"""

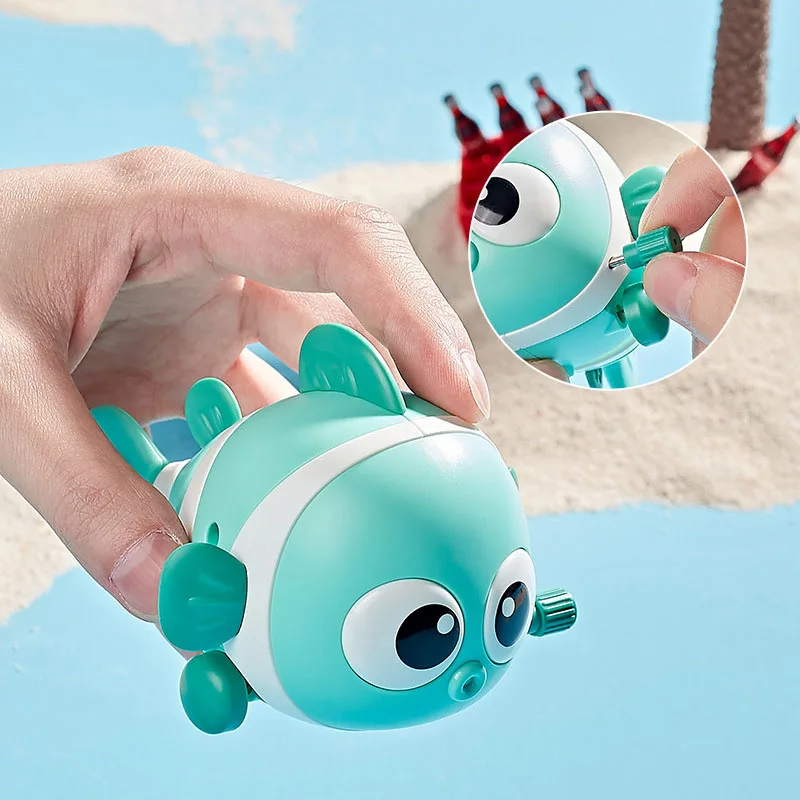 Juguetes para bebés, juguetes de pescado de cuerda, pez que mueve la cola, juguetes de baño para niños, desarrollo, aprendizaje, tiempo de barriga, juguete para gatear para bebés de 6 a 12 meses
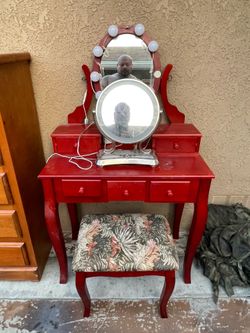 Vanity with mirrors and lights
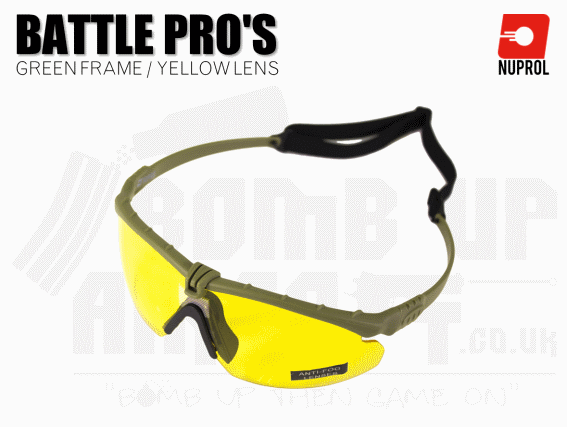 Nuprol PMC Battle Pro Eye Protection With Inserts - Green Frame/Yellow Lens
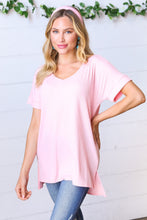 Load image into Gallery viewer, Baby Pink Ribbed V Neck Hi-Low Slit Top
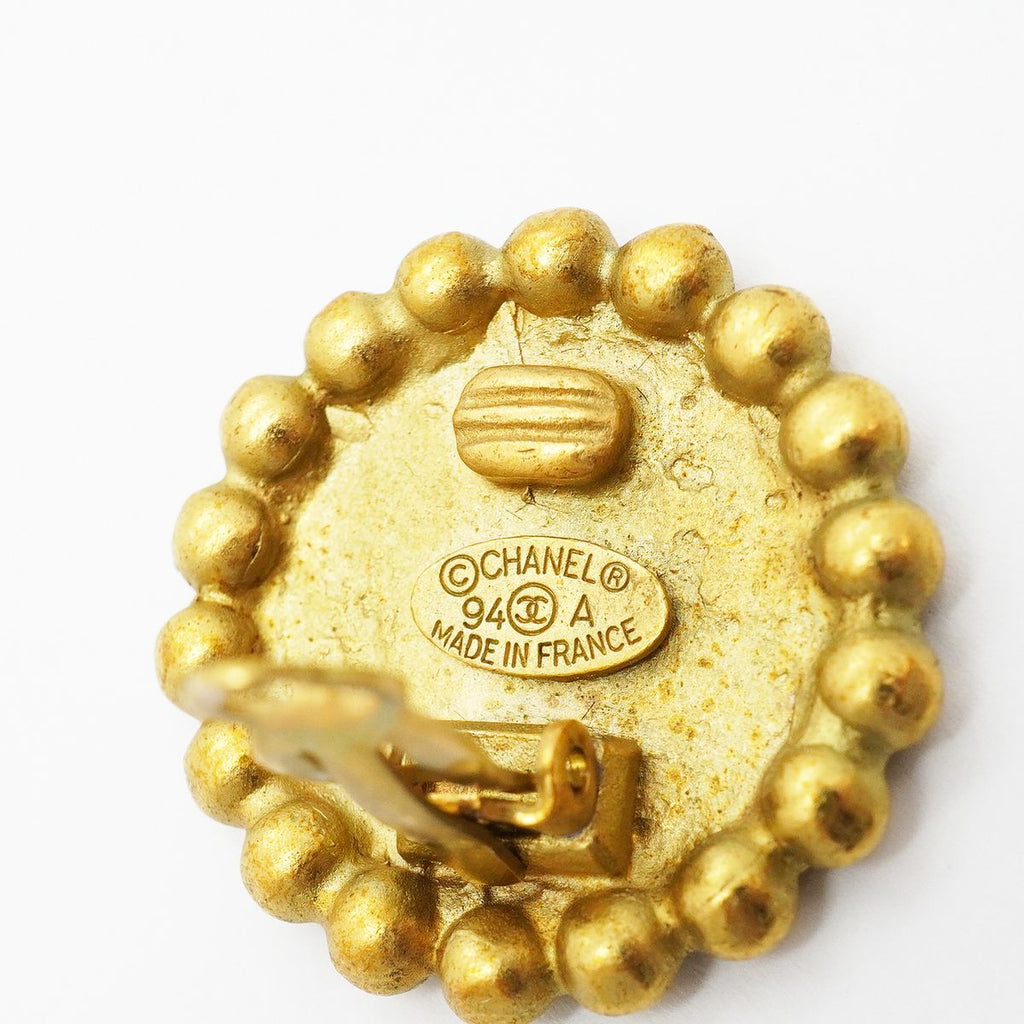 Chanel Earrings Vintage CC Logo Gold Plated — view 4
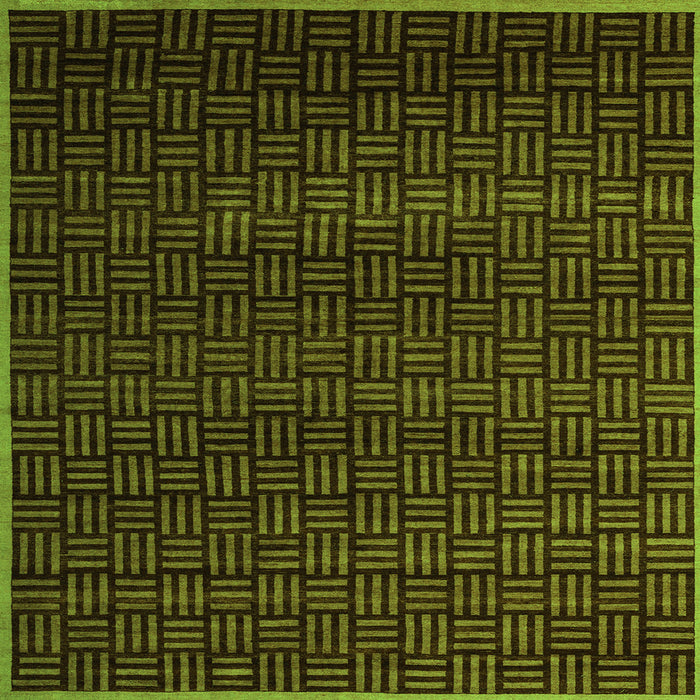 Square Machine Washable Abstract Green Modern Area Rugs, wshabs5461grn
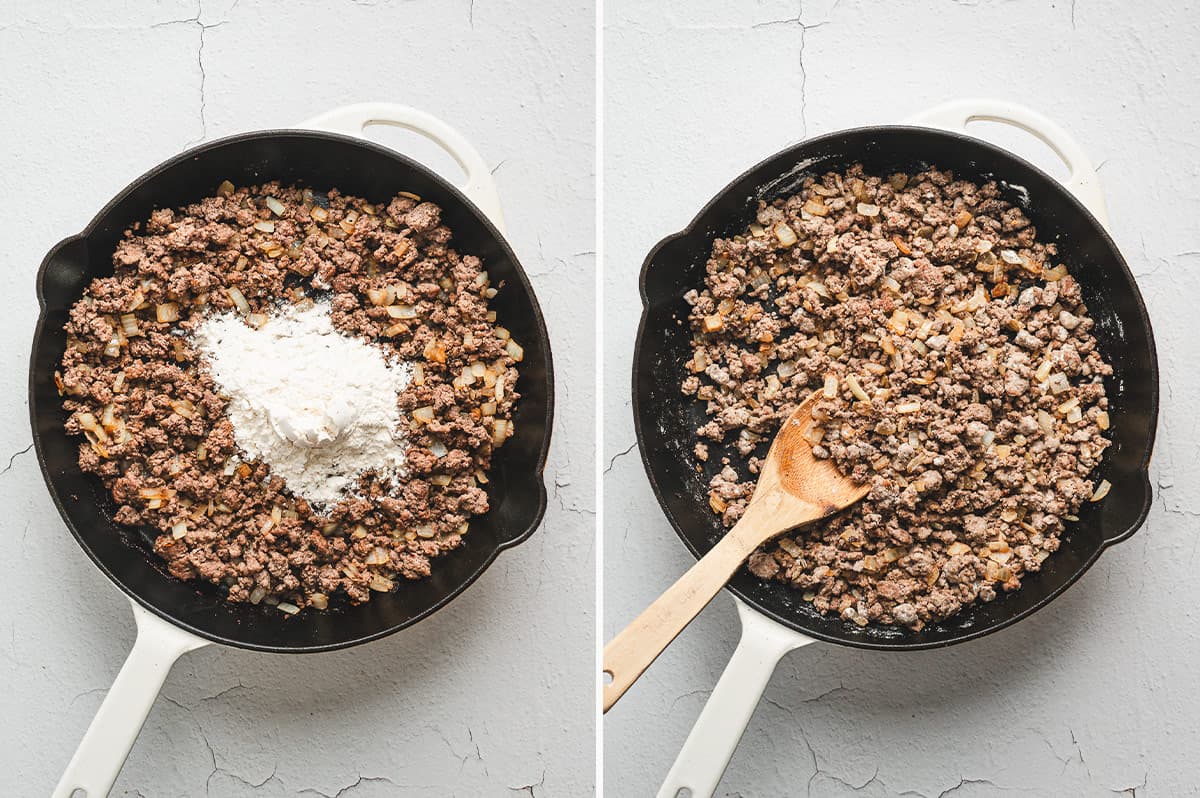 Flour sprinkled over browned ground beef and onions in a skillet before mixing to form the base of the gravy.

"""

**Exercise:** For this exercise, return the material word for word and drop each image.

**Answer space:**
 Juguetes para bebés, juguetes de pescado de cuerda, pez que mueve la cola, juguetes de baño para niños, desarrollo, aprendizaje, tiempo de barriga, juguete para gatear para bebés de 6 a 12 meses
 Vanity with mirrors and lights
 Nuprol PMC Battle Pro Eye Protection With Inserts - Green Frame/Yellow Lens
 Load image into Gallery viewer, Baby Pink Ribbed V Neck Hi-Low Slit Top
 Chanel Earrings Vintage CC Logo Gold Plated — view 4
 Square Machine Washable Abstract Green Modern Area Rugs, wshabs5461grn
 Flour sprinkled over browned ground beef and onions in a skillet before mixing to form the base of the gravy.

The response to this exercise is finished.